During the art session you can begin to have a discussion with your child in regards to taking the medicine.

  • Do they know why they have to take it?
  • Do they understand what part of their body it is helping?
  • Do they know the name of it?
  • Do they know that it’s normal to be upset over having to take it and that it’s not a punishment?

You can also begin to strategize and think of ideas on how to make it less challenging the next time they have to take it

For Oral Medication

  • Offer the child as many choices that can be fulfilled. Do they want to take it standing up or sitting down?

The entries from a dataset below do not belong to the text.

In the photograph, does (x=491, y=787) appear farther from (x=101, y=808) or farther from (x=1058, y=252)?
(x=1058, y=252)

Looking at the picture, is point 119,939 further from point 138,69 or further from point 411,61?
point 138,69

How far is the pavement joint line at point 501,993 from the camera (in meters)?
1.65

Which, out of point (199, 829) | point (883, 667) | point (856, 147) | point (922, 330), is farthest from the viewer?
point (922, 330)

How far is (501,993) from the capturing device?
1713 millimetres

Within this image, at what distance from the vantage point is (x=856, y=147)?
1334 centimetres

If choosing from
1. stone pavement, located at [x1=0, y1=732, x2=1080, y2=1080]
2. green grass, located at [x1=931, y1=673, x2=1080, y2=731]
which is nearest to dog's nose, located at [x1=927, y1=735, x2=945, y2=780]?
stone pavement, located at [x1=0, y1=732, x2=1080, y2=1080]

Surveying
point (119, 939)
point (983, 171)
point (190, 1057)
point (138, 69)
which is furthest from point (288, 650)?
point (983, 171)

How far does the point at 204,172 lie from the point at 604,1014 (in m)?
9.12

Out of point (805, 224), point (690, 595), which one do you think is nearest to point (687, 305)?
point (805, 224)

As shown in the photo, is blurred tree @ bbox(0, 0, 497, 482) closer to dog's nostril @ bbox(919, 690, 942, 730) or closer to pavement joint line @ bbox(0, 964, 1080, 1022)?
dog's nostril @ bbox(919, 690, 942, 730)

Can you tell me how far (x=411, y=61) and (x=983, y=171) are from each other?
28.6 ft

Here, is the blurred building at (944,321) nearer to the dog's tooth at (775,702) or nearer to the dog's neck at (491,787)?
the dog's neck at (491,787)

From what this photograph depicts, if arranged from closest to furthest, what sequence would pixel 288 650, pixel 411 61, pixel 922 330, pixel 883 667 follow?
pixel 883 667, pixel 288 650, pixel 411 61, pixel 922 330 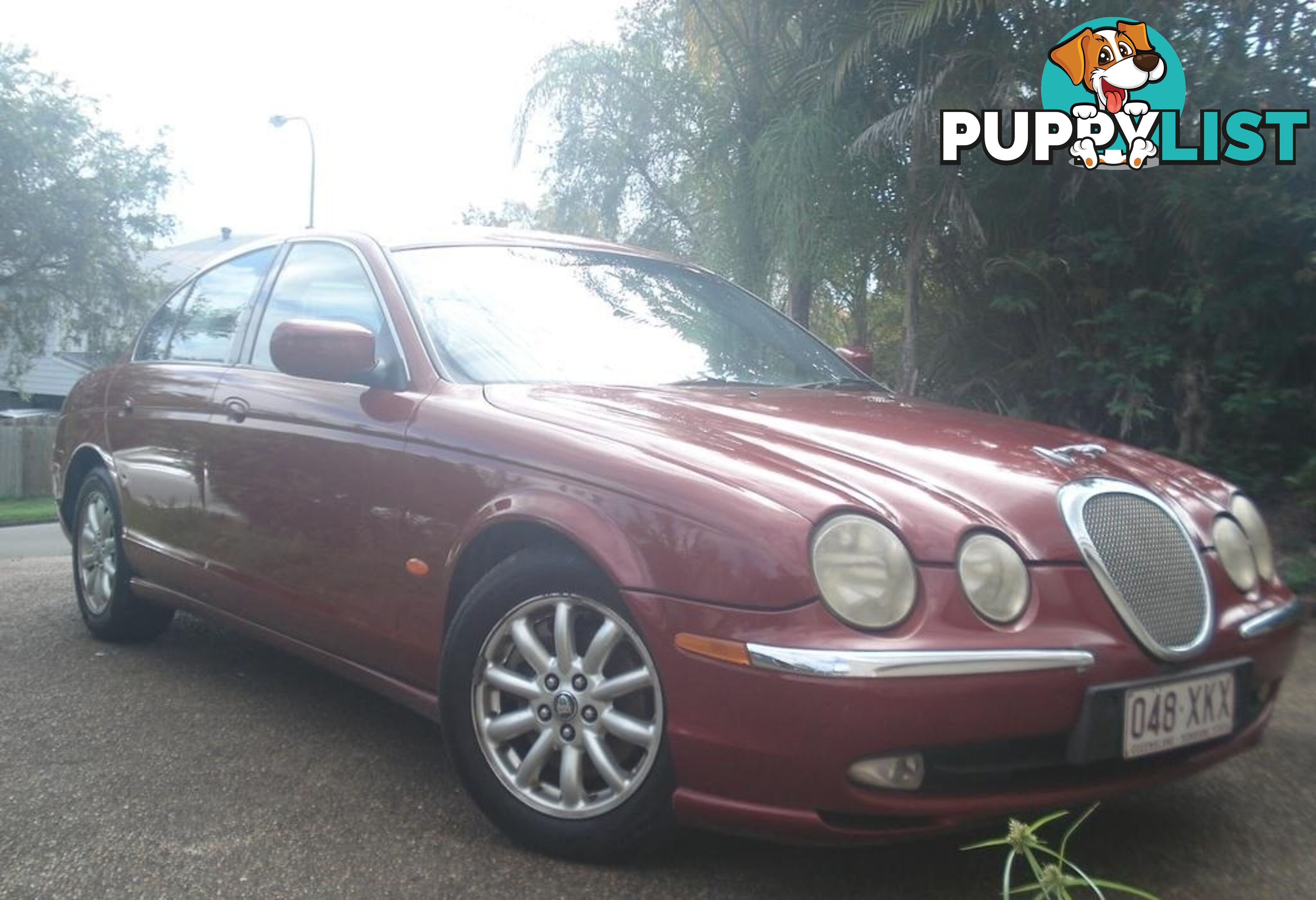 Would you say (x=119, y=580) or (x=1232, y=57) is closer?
(x=119, y=580)

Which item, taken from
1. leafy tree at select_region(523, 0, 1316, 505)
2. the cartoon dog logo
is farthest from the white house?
the cartoon dog logo

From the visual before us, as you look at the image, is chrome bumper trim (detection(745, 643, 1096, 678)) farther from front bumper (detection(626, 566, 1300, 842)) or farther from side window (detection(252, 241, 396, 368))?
side window (detection(252, 241, 396, 368))

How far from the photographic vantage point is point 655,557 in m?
2.72

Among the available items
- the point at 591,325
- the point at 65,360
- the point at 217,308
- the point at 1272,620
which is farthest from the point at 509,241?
the point at 65,360

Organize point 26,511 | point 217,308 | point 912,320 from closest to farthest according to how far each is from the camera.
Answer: point 217,308
point 912,320
point 26,511

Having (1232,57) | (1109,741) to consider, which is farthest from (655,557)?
(1232,57)

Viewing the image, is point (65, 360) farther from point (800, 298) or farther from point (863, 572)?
point (863, 572)

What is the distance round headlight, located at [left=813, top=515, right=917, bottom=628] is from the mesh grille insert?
0.48m

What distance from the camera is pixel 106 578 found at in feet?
17.0

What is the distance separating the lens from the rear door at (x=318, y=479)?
138 inches

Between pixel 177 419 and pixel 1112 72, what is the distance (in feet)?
17.6

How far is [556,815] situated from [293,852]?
0.61 metres

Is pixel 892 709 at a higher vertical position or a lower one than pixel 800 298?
lower

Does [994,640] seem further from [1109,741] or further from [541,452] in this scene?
[541,452] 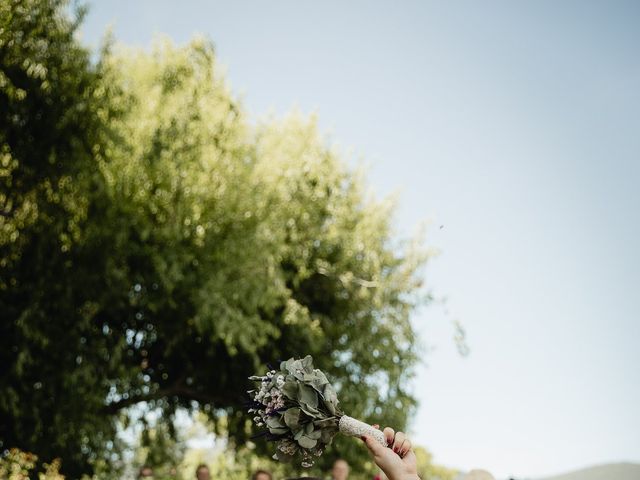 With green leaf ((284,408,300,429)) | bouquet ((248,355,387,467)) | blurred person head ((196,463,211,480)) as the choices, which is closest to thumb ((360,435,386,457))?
bouquet ((248,355,387,467))

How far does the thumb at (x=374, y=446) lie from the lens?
1.98m

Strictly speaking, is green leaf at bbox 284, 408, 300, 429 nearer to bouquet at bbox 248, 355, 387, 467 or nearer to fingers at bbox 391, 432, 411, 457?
bouquet at bbox 248, 355, 387, 467

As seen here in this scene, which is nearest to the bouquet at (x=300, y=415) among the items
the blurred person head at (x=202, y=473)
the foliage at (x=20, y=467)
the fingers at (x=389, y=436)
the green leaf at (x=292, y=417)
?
the green leaf at (x=292, y=417)

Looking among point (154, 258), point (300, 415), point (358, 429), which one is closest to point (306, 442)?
point (300, 415)

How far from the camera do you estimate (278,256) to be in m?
12.5

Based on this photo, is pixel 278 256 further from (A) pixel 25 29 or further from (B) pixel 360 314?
(A) pixel 25 29

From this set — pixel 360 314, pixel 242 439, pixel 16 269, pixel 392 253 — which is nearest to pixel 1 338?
pixel 16 269

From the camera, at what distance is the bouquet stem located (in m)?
2.09

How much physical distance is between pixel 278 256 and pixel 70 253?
3812 millimetres

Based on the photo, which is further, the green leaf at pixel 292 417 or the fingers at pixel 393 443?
the green leaf at pixel 292 417

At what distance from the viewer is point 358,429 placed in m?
2.18

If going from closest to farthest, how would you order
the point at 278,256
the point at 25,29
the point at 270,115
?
the point at 25,29, the point at 278,256, the point at 270,115

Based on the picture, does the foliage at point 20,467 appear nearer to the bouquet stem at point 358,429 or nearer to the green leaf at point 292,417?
the green leaf at point 292,417

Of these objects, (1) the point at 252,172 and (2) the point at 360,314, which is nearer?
(1) the point at 252,172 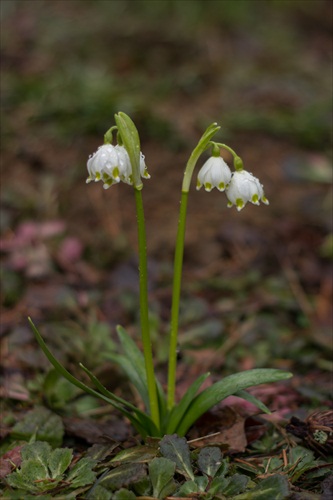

Would they like a popsicle or a lollipop? Would they like to have a count down or just get it over with?
  • Lick a lollipop or popsicle before and after taking it. My son loves this idea and we make a fun game out of it by having him lick the popsicle until his tongue turns a different color and numbs/masks the taste of the medication.
  • If its possible and the child would like to do it, have them squirt the medicine in their mouth. You can practice with water before.

For Injections

  • Again offer the child as many choices as you can. Do they want to sit up or lie down? Do they want to watch or look away? Do they want a count down or just get it over with? Do they want to take a deep breath and pretend to blow out candles or scream as loud as they can? (I know some people don’t like the screaming but lets face it, injections don’t feel great. As a mom, I have no problem letting my son scream or cry. I encourage it, if that is what will help him get through it.)
  • Advocate for Emla numbing cream. You may need to get a prescription or ask your pediatrician to put it on at least twenty minutes before the injection.